Livengood, who is promoting the Vegas 16 as one would a basketball bowl game, said he could get to 16 teams quickly if one or two of the Power 5 conferences would commit a side or two.
None of the major conferences was represented last year when Old Dominion beat Oakland in the championship game.
AND WHAT ABOUT THE WOMEN?
A novel idea to bring the entire women’s NCAA Sweet 16 to Las Vegas is gaining momentum among women’s basketball types, Livengood said, but such a development will be contingent upon the NCAA governors (read: presidents) altering their two-hand set shot perspective on hosting championship events here (though a bazillion conferences already do).
When NCAA pooh-bahs convene in Nashville, Tennessee, on Jan. 21 and 22 with many hot topics on the agenda, the archaic ban on deciding championships here could be revised. Livengood said he detects enthusiasm from among governors he knows (he once was chairman of the NCAA men’s tournament committee, so he knows a lot of governors) for joining the 21st century.
So come on down, Geno Auriemma. We’ll leave the light on for you.
LAST LINE OF DEFENSE
When Carolina Hurricanes equipment manager Jorge Alves got into a NHL game against Tampa Bay for the final 7.6 seconds as an emergency goaltender, it might have brought back memories for local hockey fans of when Jay White, better known as a Neil Diamond impersonator, put on the pads for the defunct Las Vegas Thunder and Las Vegas Wranglers in similar situations.
Born in Kitchner, Ontario, White had been tending goal since he was 8. As I recall, he did not appear in any official games here, but then when was the last time you heard Henrik Lundvqvist sing “Sweet Caroline” between periods?

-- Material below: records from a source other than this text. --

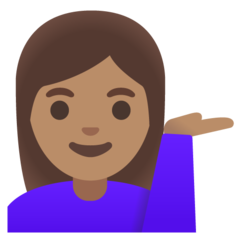 A quoi ressemblent les emoji Femme paume vers le haut: peau légèrement mate sur Google.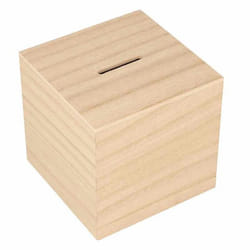 Tirelire carrée en bois - 87 x 87 cm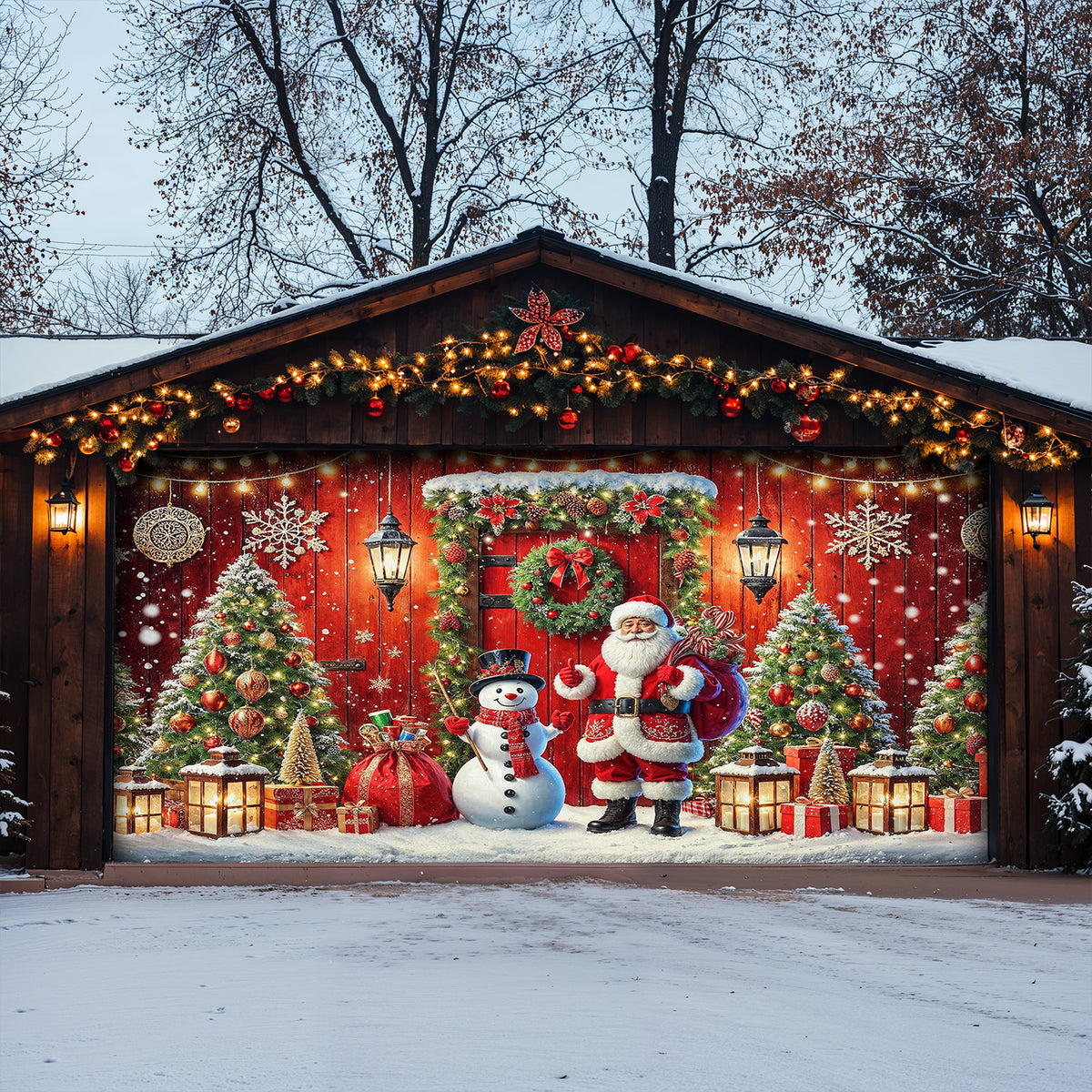 Lorva Christmas Garage Door Banner Decoration Happy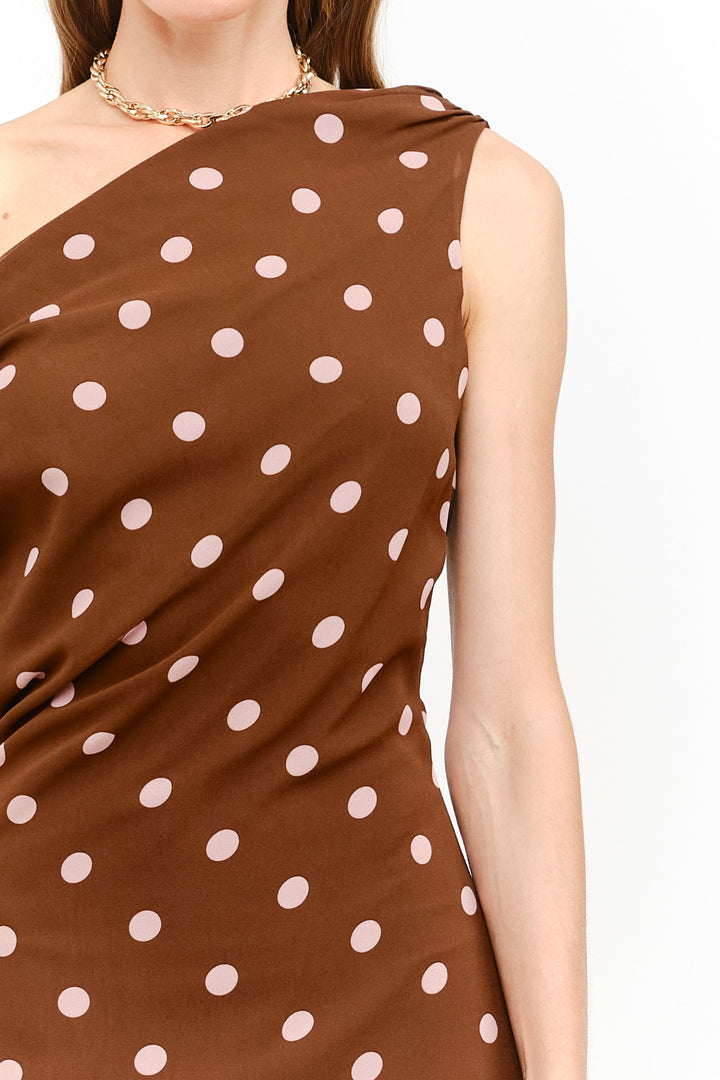 Brooklyn polka dot maxi dress dress in brown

Local hockey fans of a certain age also might remember when Manon Rheaume, pro hockey’s Danica Patrick, got into two games between the pipes for the Thunder during the 1994-95 season. “The First Lady of Hockey” played 52 minutes, made 14 saves, let in three goals.
I was at the Thomas & Mack Center during one of those games. The Thunder defense, led by former NHLers Rod Buskas and Jim Kyte (and Darcy “Chainsaw” Loewen must have been lurking near the blue line, just in case), formed a protective gantlet around Rheaume that recalled Clint Eastwood and Sondra Locke driving through downtown Phoenix in a hijacked bus.

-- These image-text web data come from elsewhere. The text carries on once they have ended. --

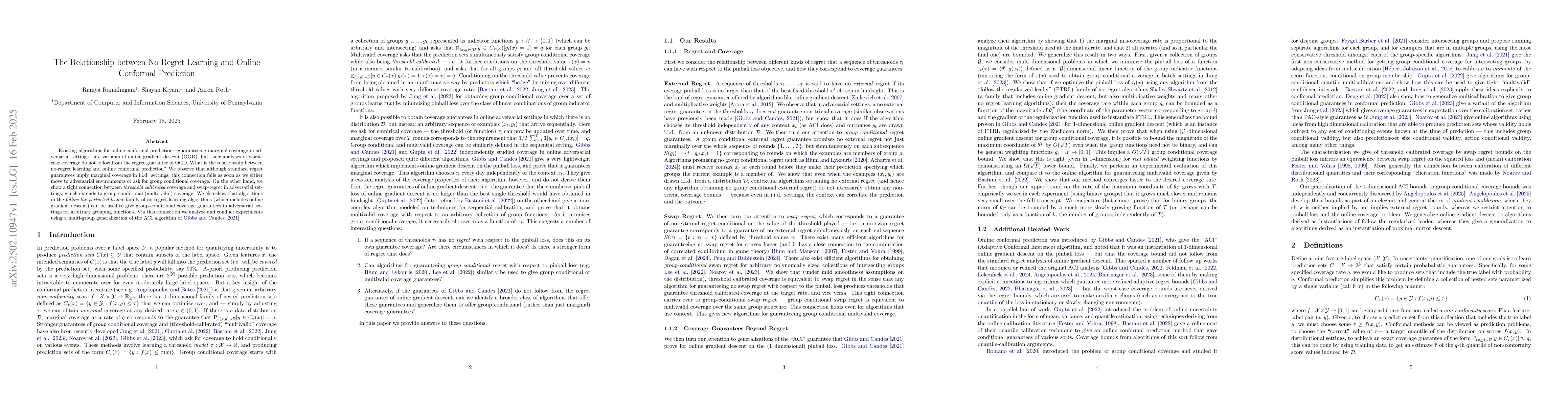 Thumbnail for The Relationship between No-Regret Learning and Online Conformal
  Prediction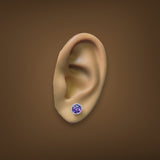 14K W Gold 1.64ctw 6.5mm Bezel Set Round Amethyst Earrings - Walter Bauman Jewelers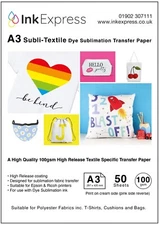 100gsm A3 Subli-Textile High Release Fabric Specific Sublimation Paper 50 sheet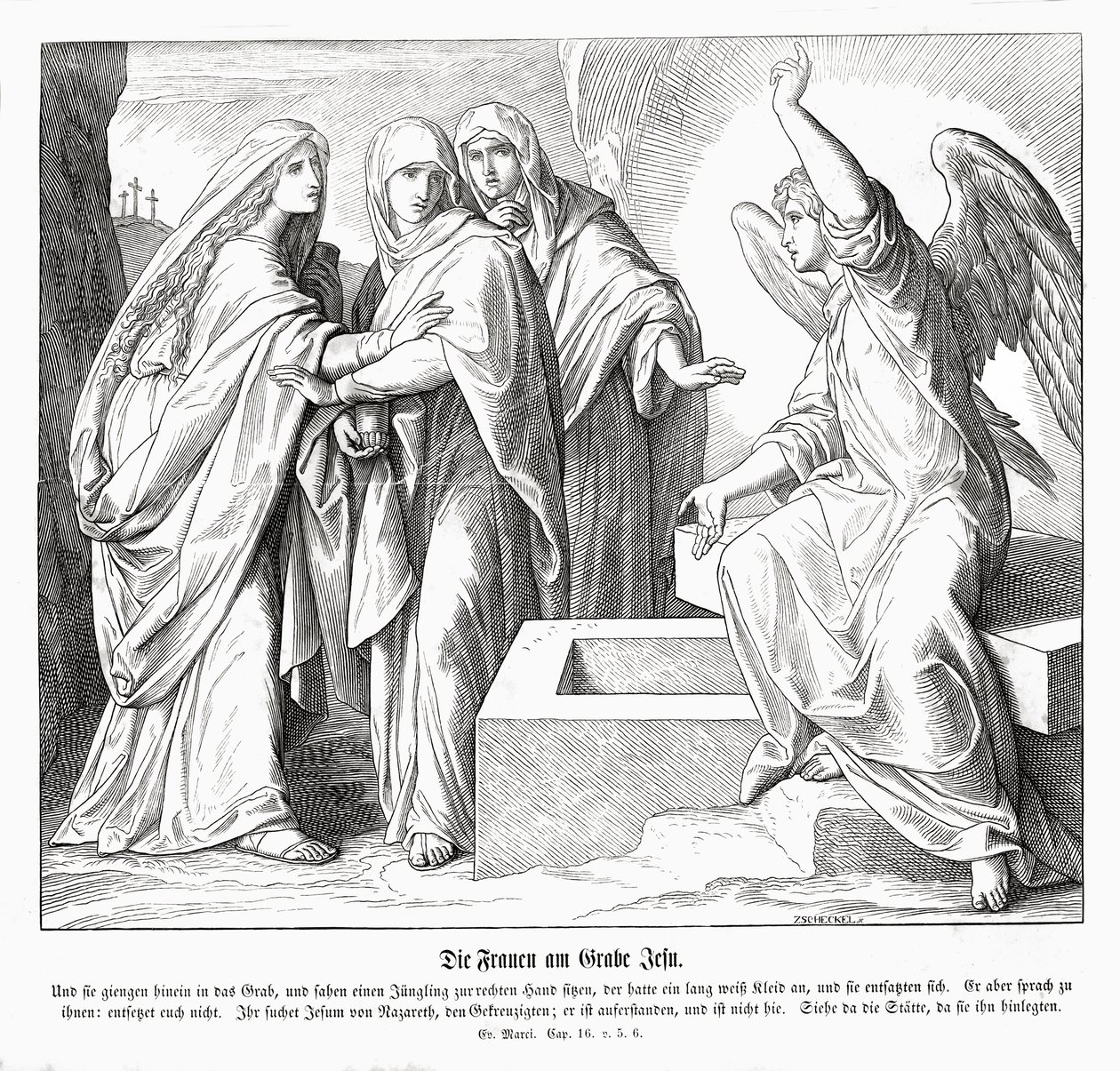 Les femmes au tombeau de Jésus, Évangile de Marc - Julius Schnorr von Carolsfeld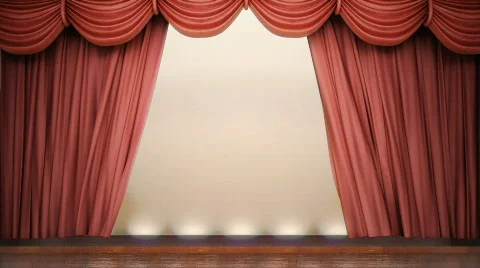 Red stage curtain closing. Stock Footage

This was quite the goaltending trio for the Las Vegas Thunder: Manon Rheaume, Pokey Reddick and Clint Malarchuk. pic.twitter.com/d6kbtUnHvN
— Chris McDivitt (@chris_mcdivitt) July 10, 2016
TAKING A KNEE
• Congratulations to Centennial High girls basketball coach Karen Weitz (who made coaching in a warmup suit fashionable long before AAU coaches did) upon notching her 600th victory. When Weitz stood on one sideline and Bishop Gorman’s Sheryl Krmpotich on the other, you could feel the electricity, and sometimes it was hard to find a seat.
• Remember when Lyndon Johnson said if he had lost Walter Cronkite, he had lost middle America (over the Vietnam war)? I wonder if Mountain West commissioner Craig Thompson feels likewise about Chris Maathuis, the hard-working and almost always optimistic Channel 8 sports director? Maathuis posted a graphic showing the traditional MW minnows having their way with the traditional big fish on the basketball court the other night on his Twitter account followed by the hashtags #mediocre and #onebidleague.

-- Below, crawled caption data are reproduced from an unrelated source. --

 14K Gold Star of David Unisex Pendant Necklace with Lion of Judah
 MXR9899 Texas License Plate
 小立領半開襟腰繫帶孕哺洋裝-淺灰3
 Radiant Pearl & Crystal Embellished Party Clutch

Looking at these scores and I have to ask — What has happened to the @MountainWest #mediocre #onebidleague pic.twitter.com/ocbbEQnBdq
— Chris Maathuis (@sports8) January 5, 2017
• When I sent Kris Bryant’s dad a text, asking if he would send me one after watching his offspring exchange marriage vows with longtime sweetheart Jessica Delp this weekend, this is what Mike Bryant texted back: “We have to check our cellphones at the door! A la Jeter!”